Search this blog

18 November, 2017

"Coder" color palettes for data visualization

Too often when programmers want to visualize data (which they should do often!), we simply resort to so called "coder-colors", encoding values directly into RGB channels (e.g. R = data1, G = data2 ...) without much consideration.

This is unfortunate, because it can both significatively distort the data, rendering it in a non perceptually linear fashion and biasing certain data columns to be more important than others (e.g. the blue channel is much less bright than the green one), and make the visualization less clear as we leverage only one color characteristic (brightness) to map the data.
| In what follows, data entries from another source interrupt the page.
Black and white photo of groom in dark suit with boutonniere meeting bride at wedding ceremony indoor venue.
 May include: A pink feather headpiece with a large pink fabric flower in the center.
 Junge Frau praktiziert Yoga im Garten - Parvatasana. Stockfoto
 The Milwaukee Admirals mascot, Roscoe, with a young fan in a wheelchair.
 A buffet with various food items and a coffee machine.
The idea here is to build easy to use palette approximations for data visualization that can be coded as C/Java/Shader/etc... functions and replace "coder colors" with minimal effort.
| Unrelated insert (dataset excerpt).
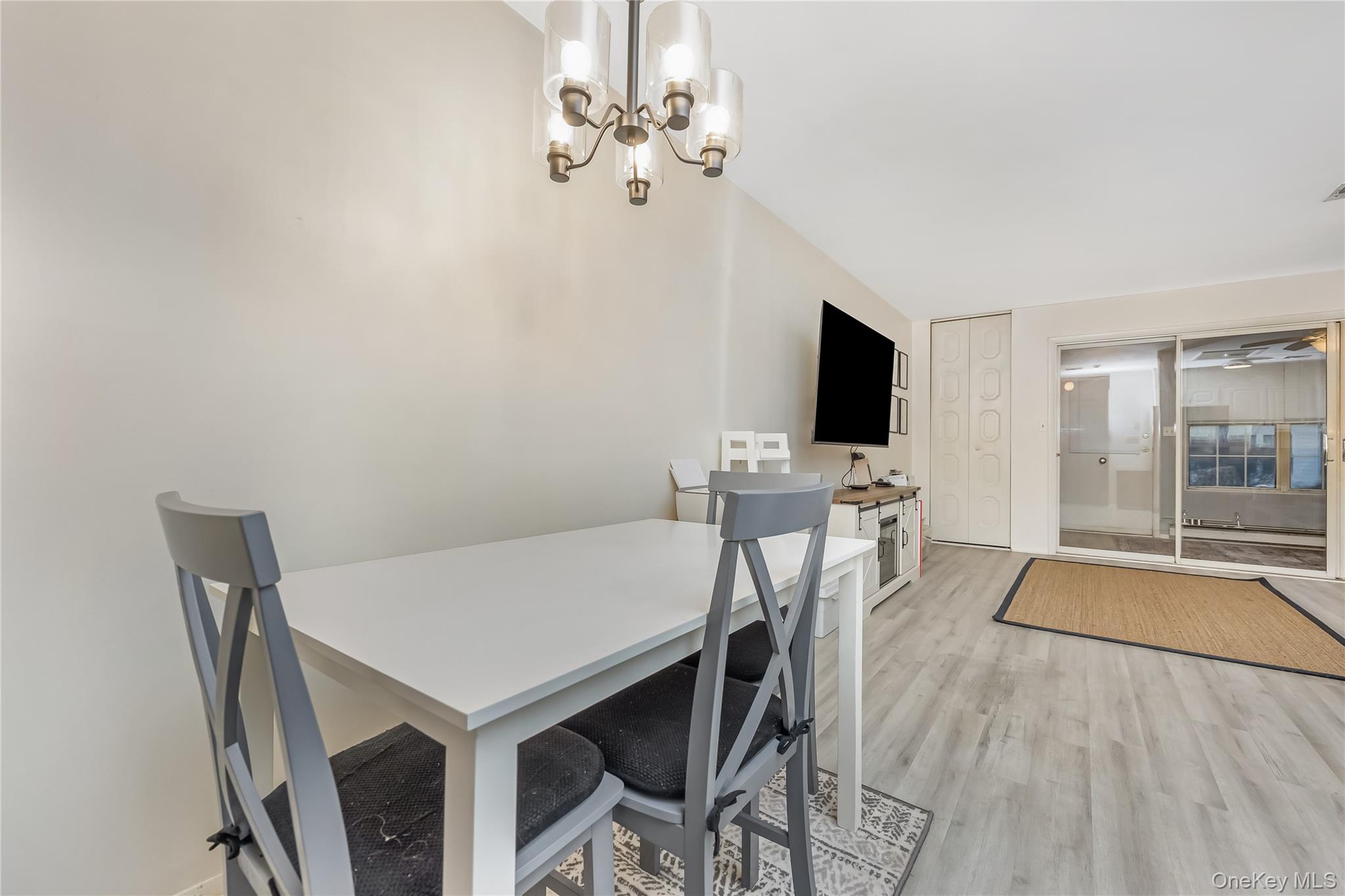 406 Woodbridge Drive, Unit B Ridge, NY 11961 - Photo 12 of 15 a view of a dining room with furniture and wooden floor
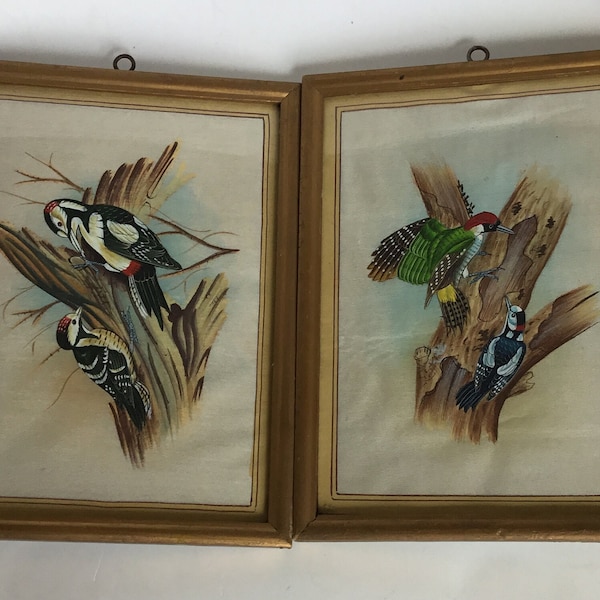 Pair of small vintage bird paintings on silk.  Vintage framed bird paintings on fabric.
Features we're looking for:

  • Perceptual linearity 
    • The palette steps should be equal in JND units
    • We could prove this by projecting the palette in color space made for appearance modeling (e.g. CIELAB) and looking at the gradient there. 
  • Good range 
    • We want to use not just brightness, but color variations as well.
    • We could even follow curved paths in a perceptually linear color space, we are not restricted to straight lines..
    • The objective is to be able to clearly distinguish >10 steps.
  • Intuitive for the task at hand, legible
    • E.g sequential data (0...1) versus diverging or categorical data (-1...1).
  • Colorblind aware
    • The encoding should primarily rely on brightness variation, color variation should be used only to try to increment the range/contrast and using colorblind safe colors.
Now, before I dump some code, I have to disclaim that albeit I tried to follow the principles listed above, I don't claim I am absolutely confident in the end results... Color appearance modelling is quite hard in practice, it depends on the viewing environment and the overall image being displayed, and there are many different color spaces that can be used.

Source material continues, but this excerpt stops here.